Our study has some limitations. First, more detailed neuropsychological tests than CERAD are more sensitive to detect early cognitive decline. However, an association between 2-h glucose and a simple measure of episodic memory from CERAD that is used for screening for Alzheimer disease suggests that the decline in episodic memory we detected might be clinically meaningful. Second, brain imaging (evaluation of β-amyloid accumulation and atrophy) could have given more information about the pathophysiological mechanisms of cognitive decline, but neuroimaging was not performed in the Health 2000 or 2011 studies. The strengths of this study in summary are the long follow-up time; a large, population-based study population; cognitive tests performed at baseline and at follow-up; and the possibility to adjust the results for known risk factors of cognitive decline.

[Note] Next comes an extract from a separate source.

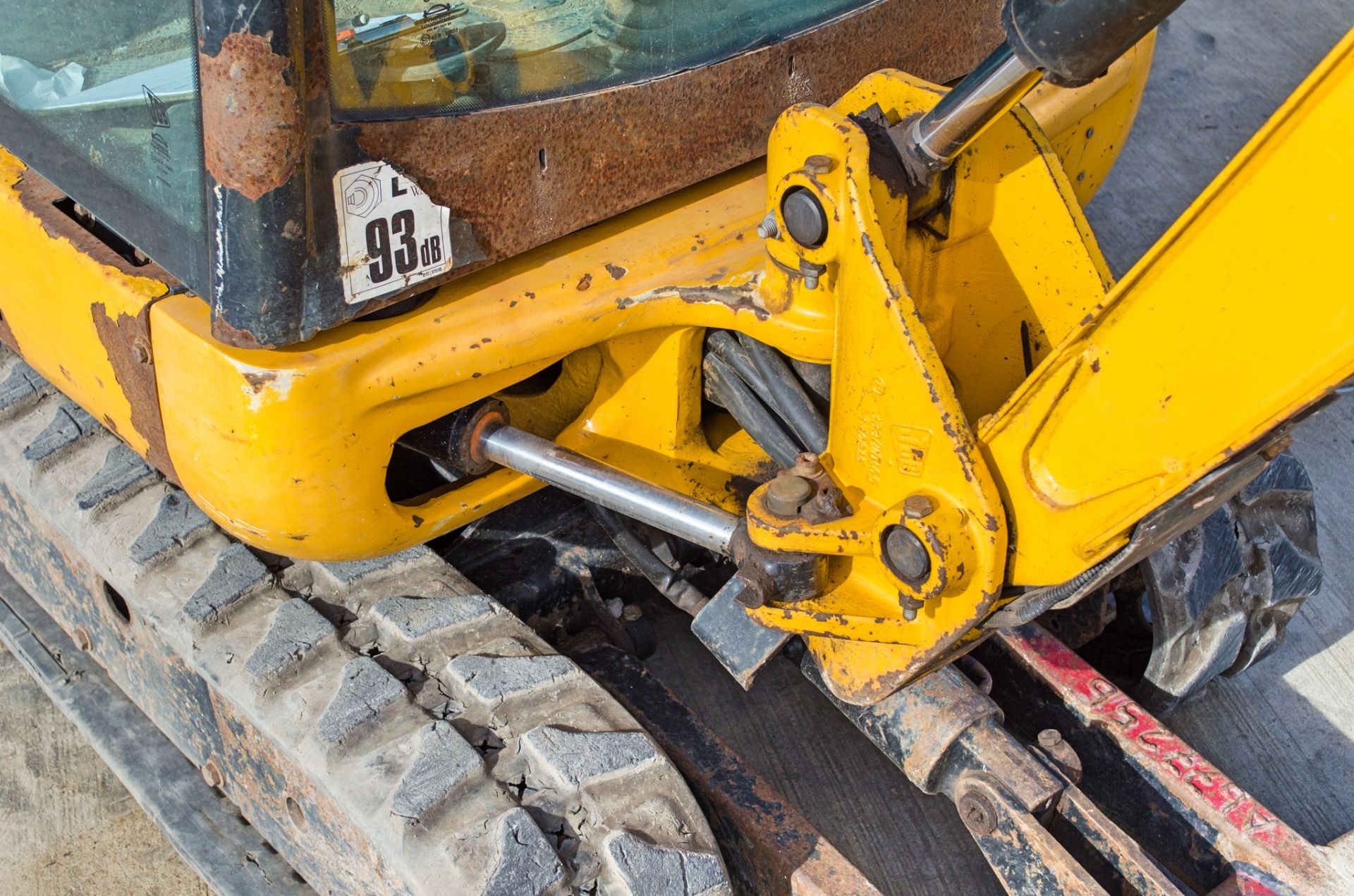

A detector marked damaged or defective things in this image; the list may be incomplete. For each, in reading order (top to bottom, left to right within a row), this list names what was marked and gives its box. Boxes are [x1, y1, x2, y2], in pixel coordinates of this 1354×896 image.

rust patch on cab [199, 32, 303, 200]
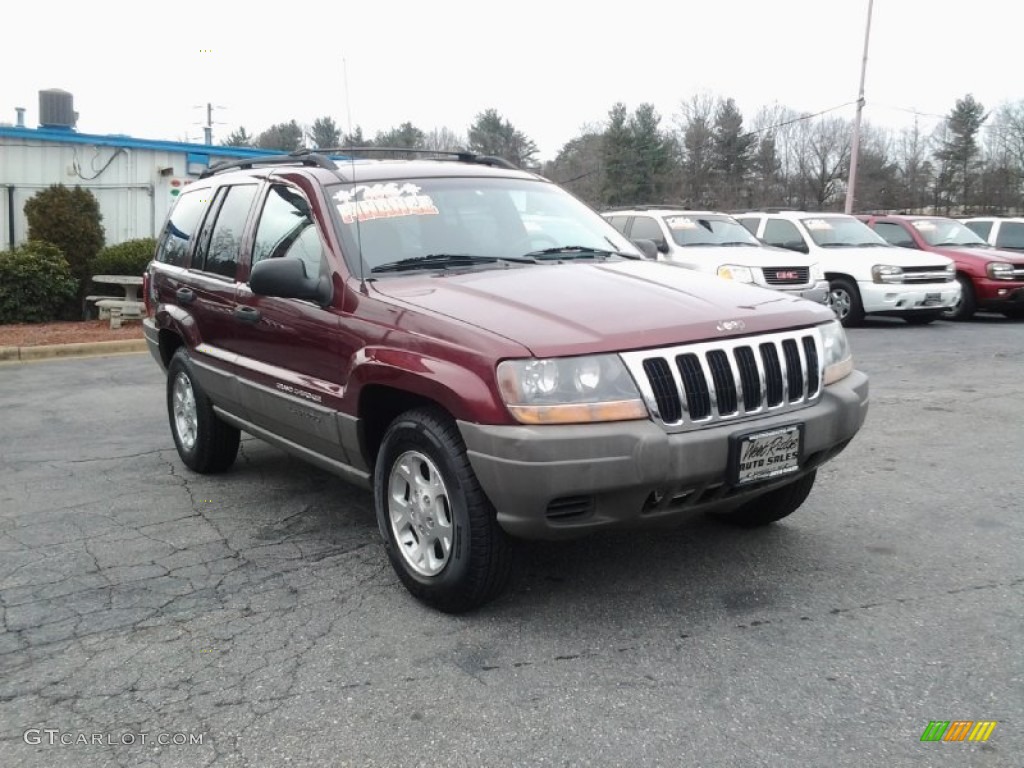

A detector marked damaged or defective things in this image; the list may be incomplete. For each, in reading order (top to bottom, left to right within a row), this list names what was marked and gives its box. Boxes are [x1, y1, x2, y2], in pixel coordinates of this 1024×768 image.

cracked pavement [0, 317, 1019, 765]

In this study, we show that higher 2-h glucose values in the OGTT predict a decline in episodic memory after 10 years in a middle-aged sample of the Finnish population. Our results suggest that 2-h OGTT could potentially be used as a predictor of future episodic memory decline. Considering that OGTT is easily available and already used in clinical practice, these results may be helpful in detecting individuals at risk for cognitive decline even in the prediabetic stage and in guiding treatment strategies to prevent cognitive decline and dementia.